**Data for review:**

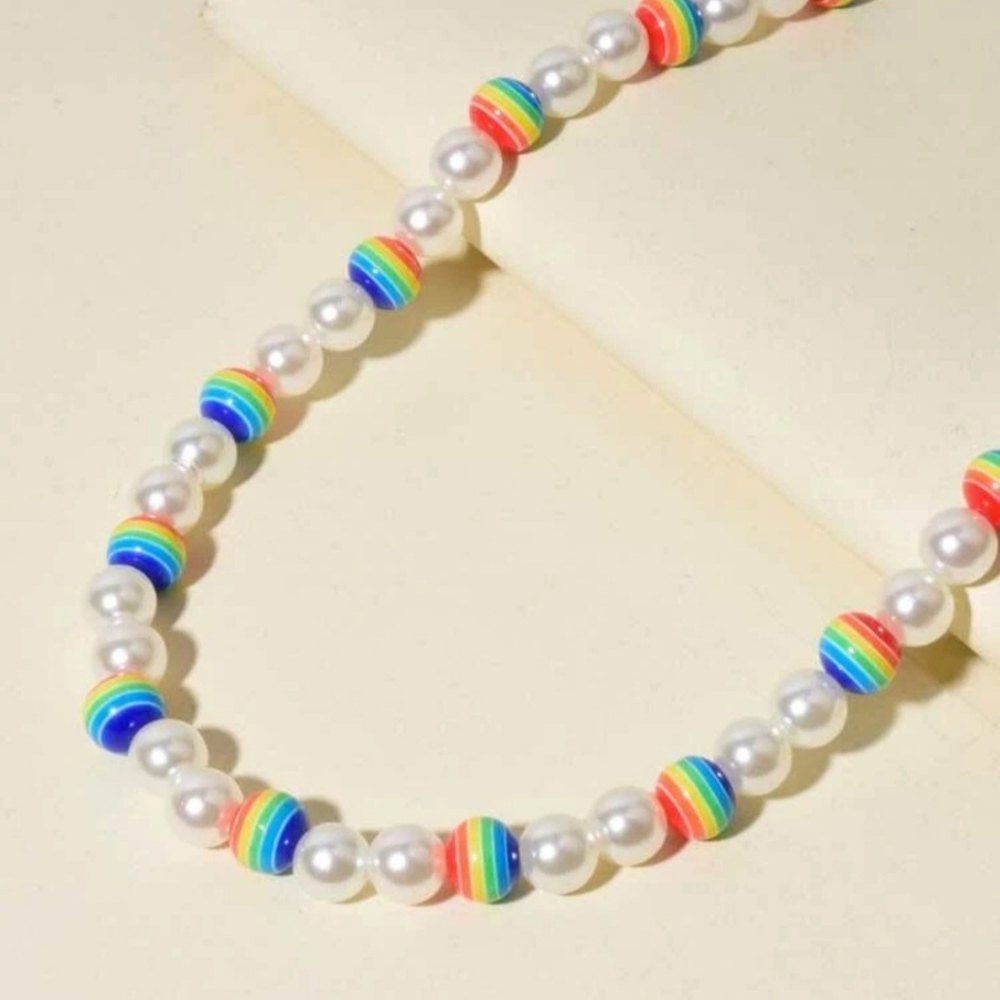 Beaded necklace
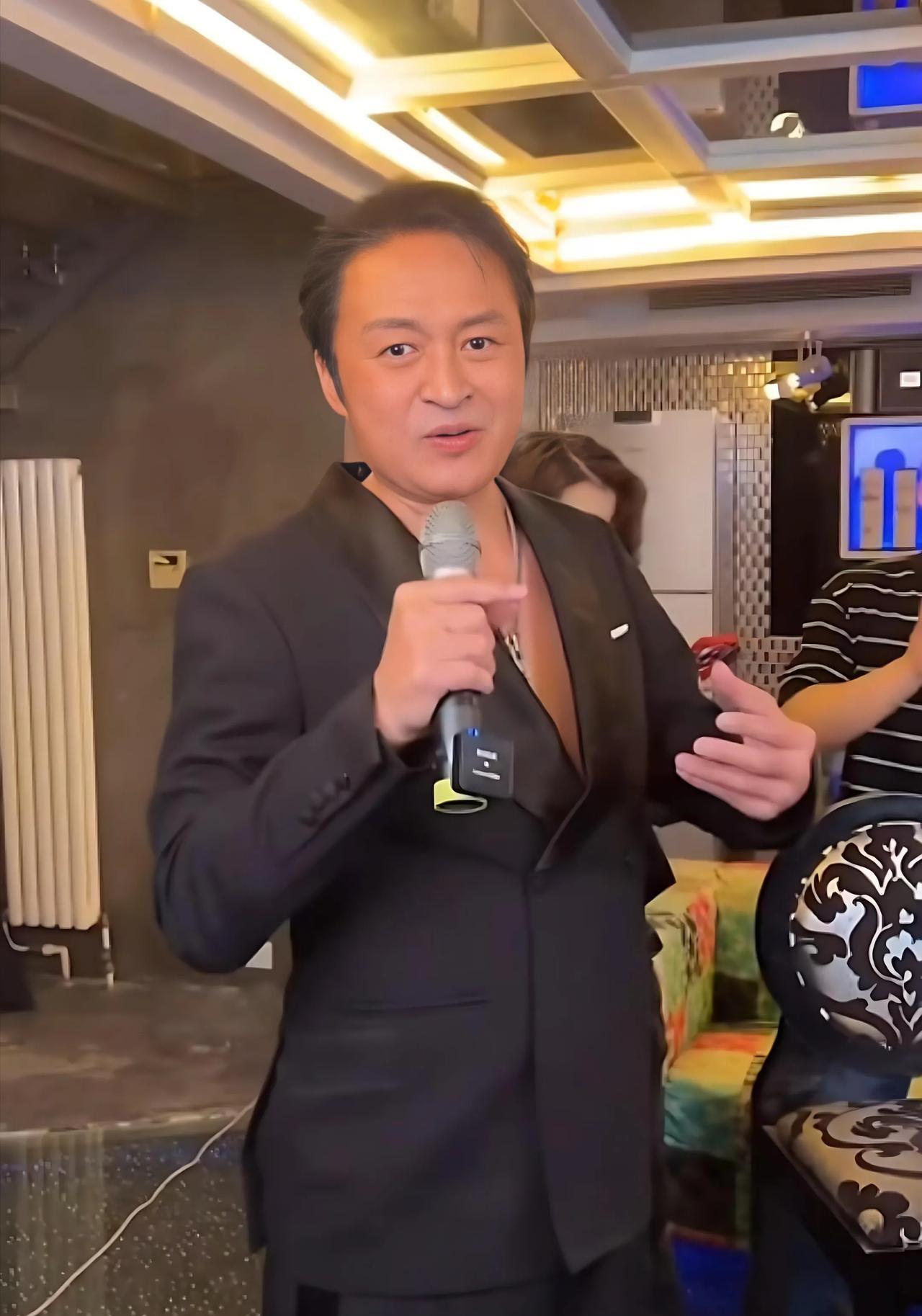这就是曾经帅过林志颖的马景涛63岁马景涛头发稀疏，面部油光满面，早已不是当年的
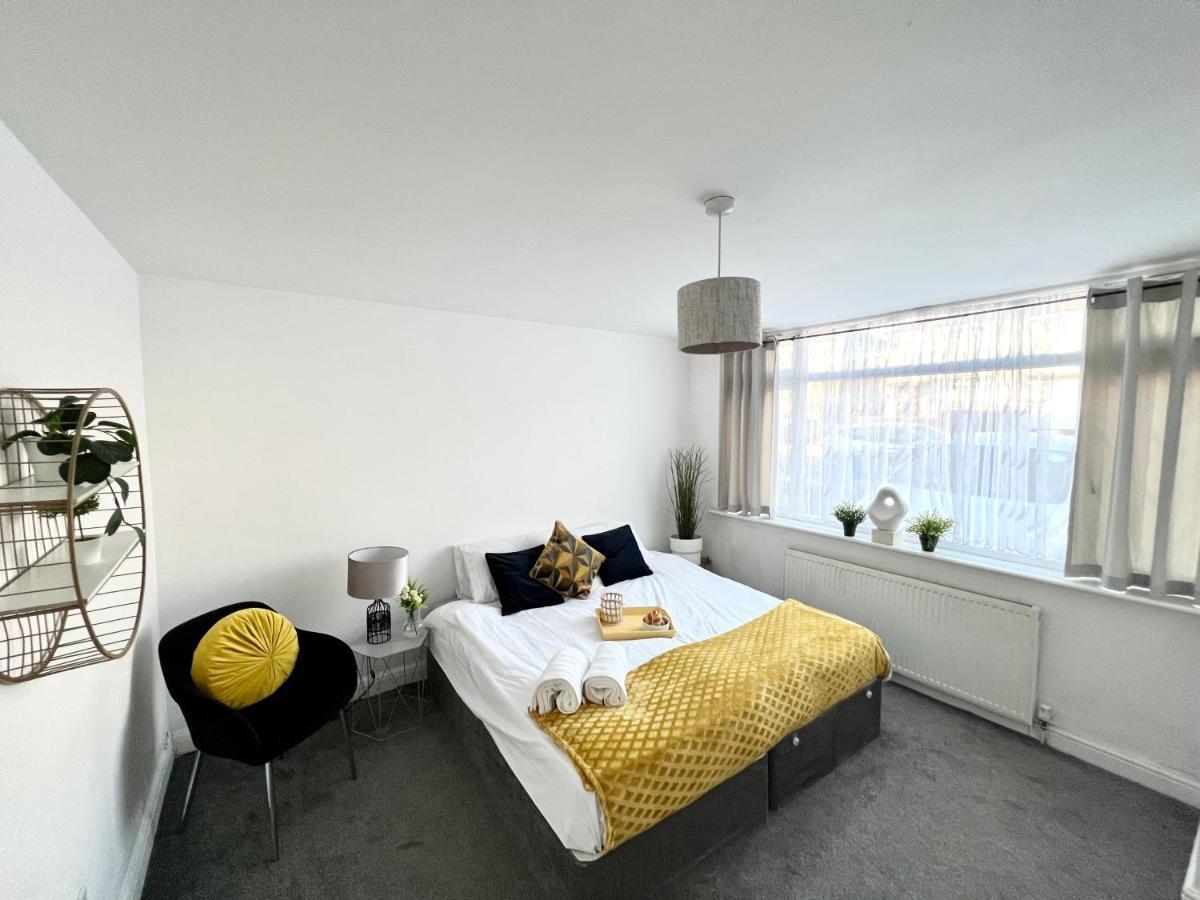 3 Cosy Homes Walking Distance To Mall With Parking Available To Book Separately 3 Bed House Or 1 Bed Apartment Or Studio Londres Exterior foto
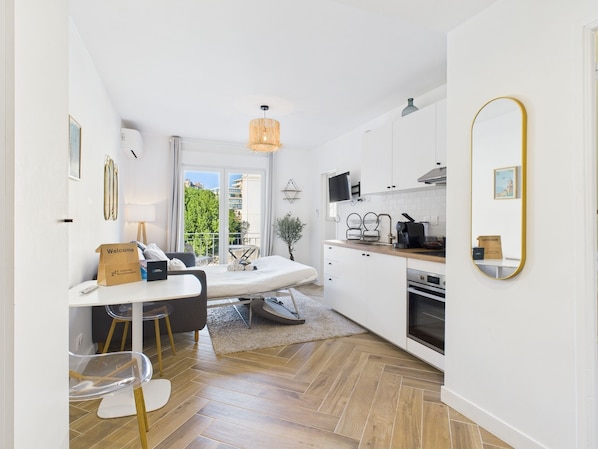 1 bedroom, iron/ironing board, WiFi, bed sheets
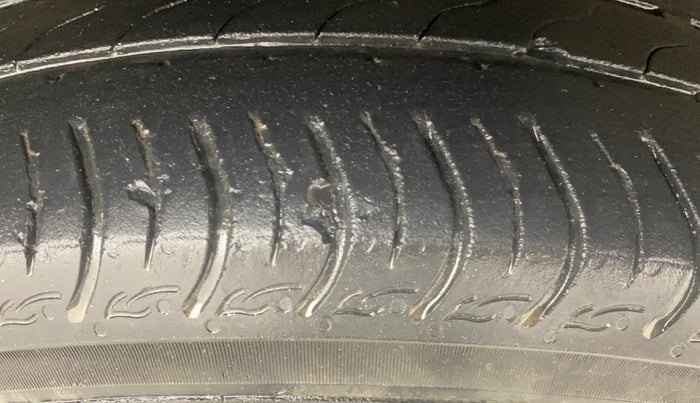 2021 Honda Amaze 1.2L I-VTEC VX CVT, Petrol, Automatic, 69,066 km, Right Front Tyre Tread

**What to do:**
Each record above should be returned unchanged, except that the pictures are dropped.

**Exercise solution:**
 Beaded necklace
这就是曾经帅过林志颖的马景涛63岁马景涛头发稀疏，面部油光满面，早已不是当年的
 3 Cosy Homes Walking Distance To Mall With Parking Available To Book Separately 3 Bed House Or 1 Bed Apartment Or Studio Londres Exterior foto
 1 bedroom, iron/ironing board, WiFi, bed sheets
 2021 Honda Amaze 1.2L I-VTEC VX CVT, Petrol, Automatic, 69,066 km, Right Front Tyre Tread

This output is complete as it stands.